In reply to DaveHK:
A friend and I both had similar experiences (me with mountain biking, him with trail running), where our training had included long workouts, and intense workouts, but then on race day the combination of length AND intensity was too much and we both had bad cramps.
Reading up on cramps later on lead me to some of the stuff that IainRUK on here referenced about ultra-distance running, like this:
http://www.irunfar.com/2012/07/waterlogged-a-dogma-shattering-book.html and this
http://www.pikeathletics.com/blog/exploring-causes-of-exercise-associated-m... (and others..)
It seems that cramps are a neurological effect, only indirectly related to blood chemistry. It's your brain telling over-used muscles to shut down.

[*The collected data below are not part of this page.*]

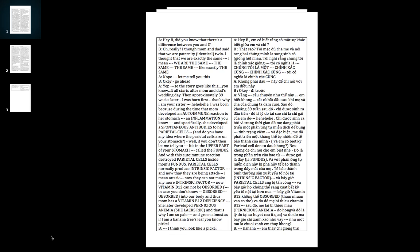With this autoimmune reaction it destroyed the parietal cells inside mom's fundus. Parietal cells normally produce intrinsic factor, and now that they're being attacked, they cannot make any more intrinsic factor. Now vitamin B12 cannot be absorbed into the body.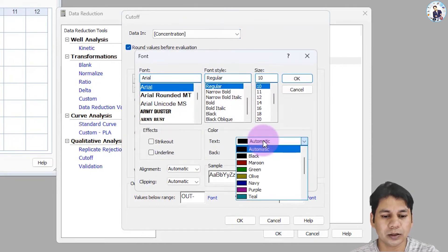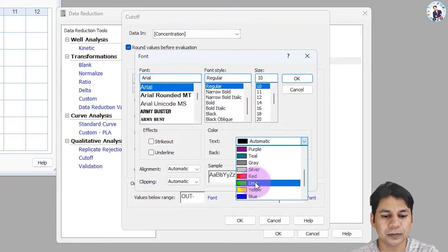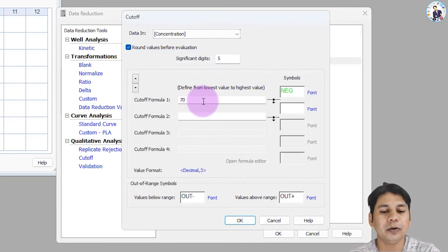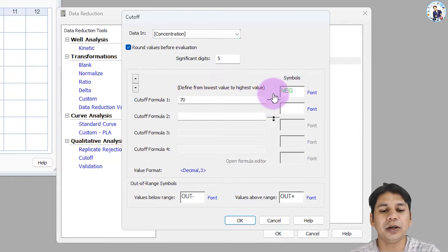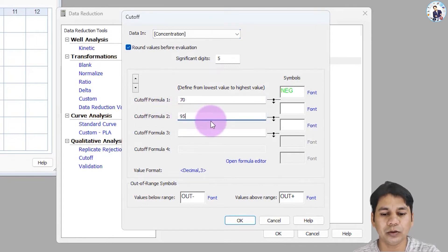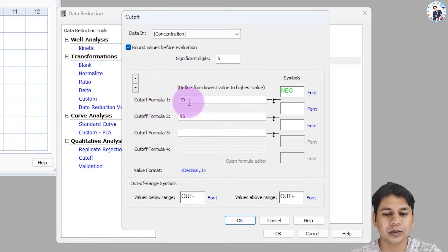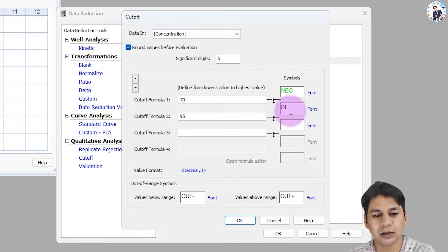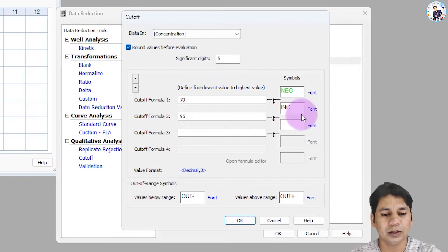I am selecting lime color for the negative result. So if the value is less than 70 pg, the corresponding well will be negative for this assay. The next threshold is 95 pg, and the value between 70 and 95 for this assay is an inconclusive result. You can assign a color for this range.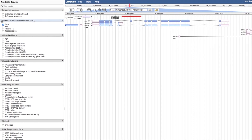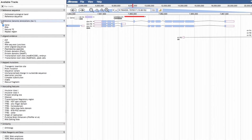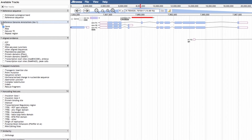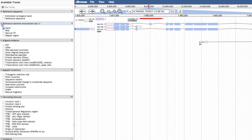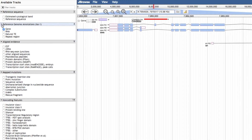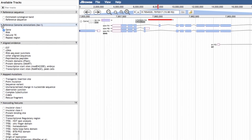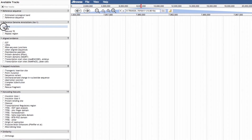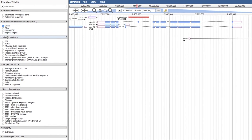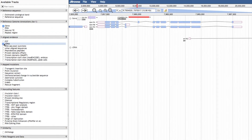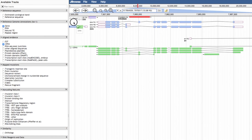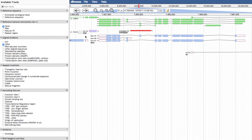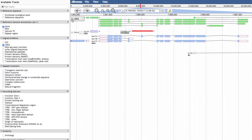On the left-hand side, the Available Tracks panel can be used to select tracks you want to display on the genome viewer. Available tracks are organised into expandable sections. To add a new track to the genome view, simply click on the track name. You can change the order of tracks in the display by clicking on the track title and dragging up or down.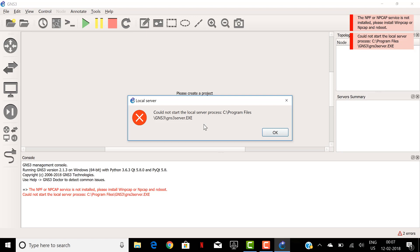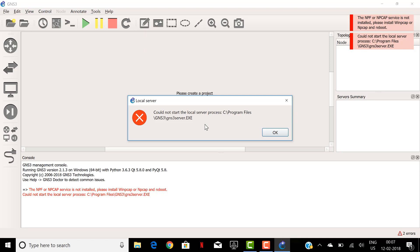So most often this could be the issue with the firewall, the Windows firewall in your laptop or PC, or the antivirus software that you have uploaded in your PC or laptop. So either you have to allow the GNS3.exe and the Dynamips and the GNS3 application by white listing those folders or you can do it another way.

However, lots of people still say that salt tablets or salty food relieves cramp - this is backed up by a study in which people drank pickle juice (urrrr). The interesting thing here is that salt tablets or salty juice relieve cramp in 30 to 90 seconds. This is held to be too fast for blood chemistry changes and reinforces the idea that it's neurological: the TASTE of salt makes the brain stop cramping up the muscles.
So current advice seems to be to increase intensity in training, carry salt tablets just in case and don't drink too much. All things that I will bear in mind if I ever do another race.